**Work request:** Return every line of the data below, exactly.
Data supplied START
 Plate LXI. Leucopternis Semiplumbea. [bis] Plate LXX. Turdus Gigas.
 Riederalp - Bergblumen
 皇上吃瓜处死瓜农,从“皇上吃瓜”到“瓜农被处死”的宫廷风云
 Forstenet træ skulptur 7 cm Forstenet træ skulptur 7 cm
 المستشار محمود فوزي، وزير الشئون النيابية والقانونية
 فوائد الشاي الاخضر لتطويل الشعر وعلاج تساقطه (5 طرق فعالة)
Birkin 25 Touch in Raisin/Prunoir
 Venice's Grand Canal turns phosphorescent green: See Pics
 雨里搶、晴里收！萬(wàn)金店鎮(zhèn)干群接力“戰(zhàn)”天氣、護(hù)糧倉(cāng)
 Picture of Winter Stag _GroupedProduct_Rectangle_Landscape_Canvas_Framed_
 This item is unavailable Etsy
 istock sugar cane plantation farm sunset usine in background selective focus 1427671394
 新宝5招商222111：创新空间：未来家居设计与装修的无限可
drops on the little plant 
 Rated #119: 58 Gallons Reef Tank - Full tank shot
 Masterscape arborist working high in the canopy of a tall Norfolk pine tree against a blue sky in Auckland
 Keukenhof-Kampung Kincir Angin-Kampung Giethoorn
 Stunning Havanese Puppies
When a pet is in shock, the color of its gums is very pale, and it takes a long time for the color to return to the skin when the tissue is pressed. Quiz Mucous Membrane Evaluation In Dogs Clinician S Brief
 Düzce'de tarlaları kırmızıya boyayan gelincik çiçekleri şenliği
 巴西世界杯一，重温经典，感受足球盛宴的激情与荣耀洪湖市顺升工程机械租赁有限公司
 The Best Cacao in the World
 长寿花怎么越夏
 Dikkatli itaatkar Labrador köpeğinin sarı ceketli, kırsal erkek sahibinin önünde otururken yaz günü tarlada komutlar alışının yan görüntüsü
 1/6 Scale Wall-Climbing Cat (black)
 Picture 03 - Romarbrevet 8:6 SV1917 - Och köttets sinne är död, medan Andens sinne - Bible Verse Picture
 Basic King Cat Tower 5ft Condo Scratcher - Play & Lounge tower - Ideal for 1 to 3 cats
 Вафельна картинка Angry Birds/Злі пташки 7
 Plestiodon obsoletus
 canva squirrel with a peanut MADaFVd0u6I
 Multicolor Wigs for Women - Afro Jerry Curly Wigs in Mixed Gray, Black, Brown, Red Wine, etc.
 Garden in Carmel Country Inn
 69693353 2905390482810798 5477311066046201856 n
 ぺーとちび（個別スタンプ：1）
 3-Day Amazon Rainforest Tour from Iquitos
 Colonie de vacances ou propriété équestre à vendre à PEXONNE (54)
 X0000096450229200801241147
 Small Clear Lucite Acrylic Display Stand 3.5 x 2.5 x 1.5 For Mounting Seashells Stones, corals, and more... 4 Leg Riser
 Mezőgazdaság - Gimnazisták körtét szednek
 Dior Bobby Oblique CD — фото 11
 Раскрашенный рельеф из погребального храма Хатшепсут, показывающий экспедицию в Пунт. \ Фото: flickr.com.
Data supplied END
**Solution below:**
 Plate LXI. Leucopternis Semiplumbea. [bis] Plate LXX. Turdus Gigas.
 Riederalp - Bergblumen
 皇上吃瓜处死瓜农,从“皇上吃瓜”到“瓜农被处死”的宫廷风云
 Forstenet træ skulptur 7 cm Forstenet træ skulptur 7 cm
 المستشار محمود فوزي، وزير الشئون النيابية والقانونية
 فوائد الشاي الاخضر لتطويل الشعر وعلاج تساقطه (5 طرق فعالة)
Birkin 25 Touch in Raisin/Prunoir
 Venice's Grand Canal turns phosphorescent green: See Pics
 雨里搶、晴里收！萬(wàn)金店鎮(zhèn)干群接力“戰(zhàn)”天氣、護(hù)糧倉(cāng)
 Picture of Winter Stag _GroupedProduct_Rectangle_Landscape_Canvas_Framed_
 This item is unavailable Etsy
 istock sugar cane plantation farm sunset usine in background selective focus 1427671394
 新宝5招商222111：创新空间：未来家居设计与装修的无限可
drops on the little plant 
 Rated #119: 58 Gallons Reef Tank - Full tank shot
 Masterscape arborist working high in the canopy of a tall Norfolk pine tree against a blue sky in Auckland
 Keukenhof-Kampung Kincir Angin-Kampung Giethoorn
 Stunning Havanese Puppies
When a pet is in shock, the color of its gums is very pale, and it takes a long time for the color to return to the skin when the tissue is pressed. Quiz Mucous Membrane Evaluation In Dogs Clinician S Brief
 Düzce'de tarlaları kırmızıya boyayan gelincik çiçekleri şenliği
 巴西世界杯一，重温经典，感受足球盛宴的激情与荣耀洪湖市顺升工程机械租赁有限公司
 The Best Cacao in the World
 长寿花怎么越夏
 Dikkatli itaatkar Labrador köpeğinin sarı ceketli, kırsal erkek sahibinin önünde otururken yaz günü tarlada komutlar alışının yan görüntüsü
 1/6 Scale Wall-Climbing Cat (black)
 Picture 03 - Romarbrevet 8:6 SV1917 - Och köttets sinne är död, medan Andens sinne - Bible Verse Picture
 Basic King Cat Tower 5ft Condo Scratcher - Play & Lounge tower - Ideal for 1 to 3 cats
 Вафельна картинка Angry Birds/Злі пташки 7
 Plestiodon obsoletus
 canva squirrel with a peanut MADaFVd0u6I
 Multicolor Wigs for Women - Afro Jerry Curly Wigs in Mixed Gray, Black, Brown, Red Wine, etc.
 Garden in Carmel Country Inn
 69693353 2905390482810798 5477311066046201856 n
 ぺーとちび（個別スタンプ：1）
 3-Day Amazon Rainforest Tour from Iquitos
 Colonie de vacances ou propriété équestre à vendre à PEXONNE (54)
 X0000096450229200801241147
 Small Clear Lucite Acrylic Display Stand 3.5 x 2.5 x 1.5 For Mounting Seashells Stones, corals, and more... 4 Leg Riser
 Mezőgazdaság - Gimnazisták körtét szednek
 Dior Bobby Oblique CD — фото 11
 Раскрашенный рельеф из погребального храма Хатшепсут, показывающий экспедицию в Пунт. \ Фото: flickr.com.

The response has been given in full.